------ AVAILABLE RECORDS ------

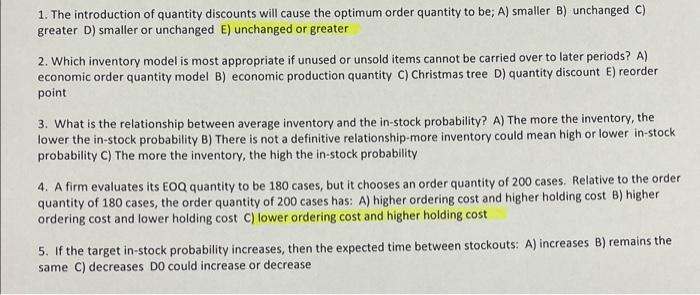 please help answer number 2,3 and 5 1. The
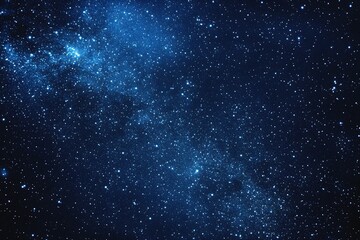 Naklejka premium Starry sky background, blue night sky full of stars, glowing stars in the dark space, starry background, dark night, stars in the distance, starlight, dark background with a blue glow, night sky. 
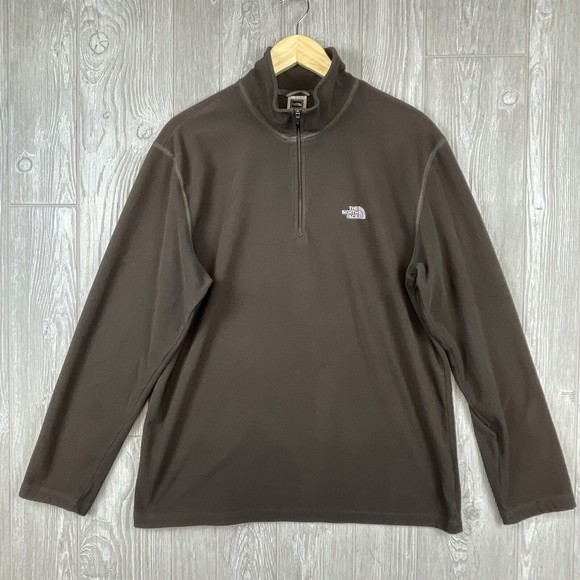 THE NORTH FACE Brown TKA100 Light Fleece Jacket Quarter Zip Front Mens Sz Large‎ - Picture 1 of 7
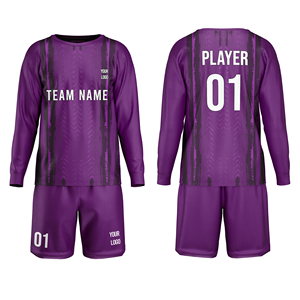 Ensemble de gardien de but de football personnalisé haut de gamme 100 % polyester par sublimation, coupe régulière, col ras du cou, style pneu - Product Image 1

------
------ AVAILABLE RECORDS ------

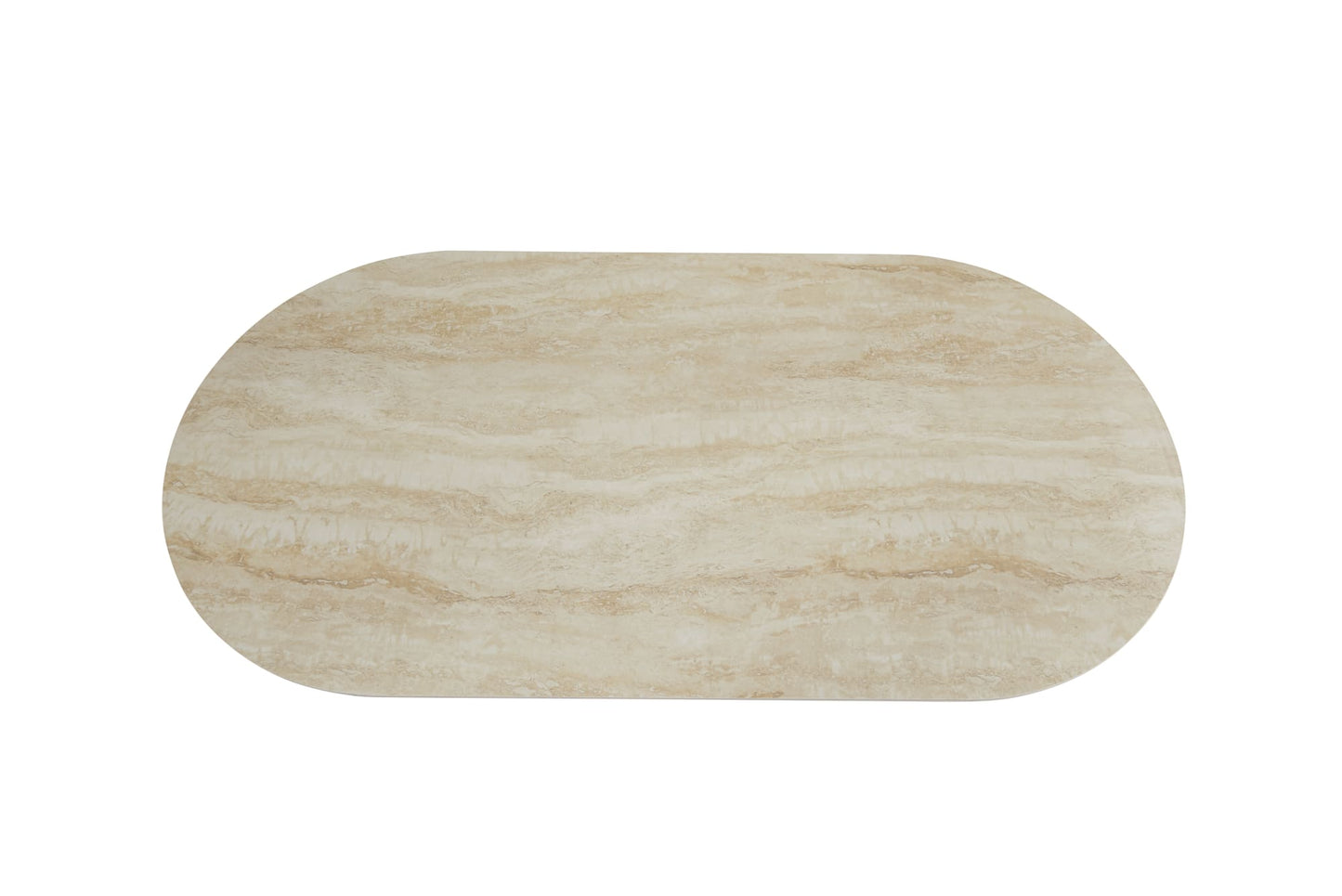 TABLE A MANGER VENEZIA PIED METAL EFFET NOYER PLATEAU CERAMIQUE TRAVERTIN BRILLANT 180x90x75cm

------
------ AVAILABLE RECORDS ------

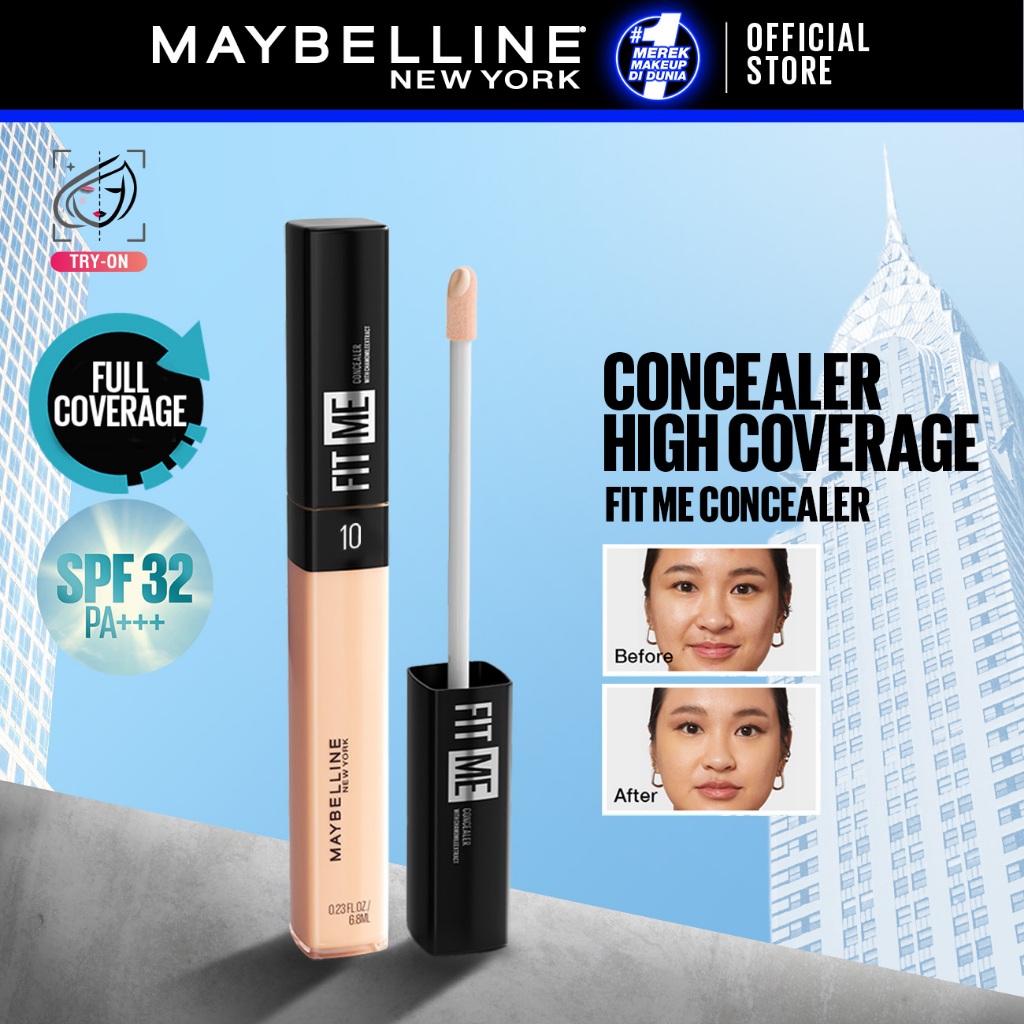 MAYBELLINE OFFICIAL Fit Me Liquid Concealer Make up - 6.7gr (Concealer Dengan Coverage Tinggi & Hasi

------

TASK GOAL: Given the entries above, transcribe exactly the lines from the one holding "please help answer number 2,3 and 5 1. The" through the one holding "Ensemble de gardien"; pictures do not belong in the transcription.

RESULT:
 please help answer number 2,3 and 5 1. The
 Naklejka premium Starry sky background, blue night sky full of stars, glowing stars in the dark space, starry background, dark night, stars in the distance, starlight, dark background with a blue glow, night sky. 
 THE NORTH FACE Brown TKA100 Light Fleece Jacket Quarter Zip Front Mens Sz Large‎ - Picture 1 of 7
 Ensemble de gardien de but de football personnalisé haut de gamme 100 % polyester par sublimation, coupe régulière, col ras du cou, style pneu - Product Image 1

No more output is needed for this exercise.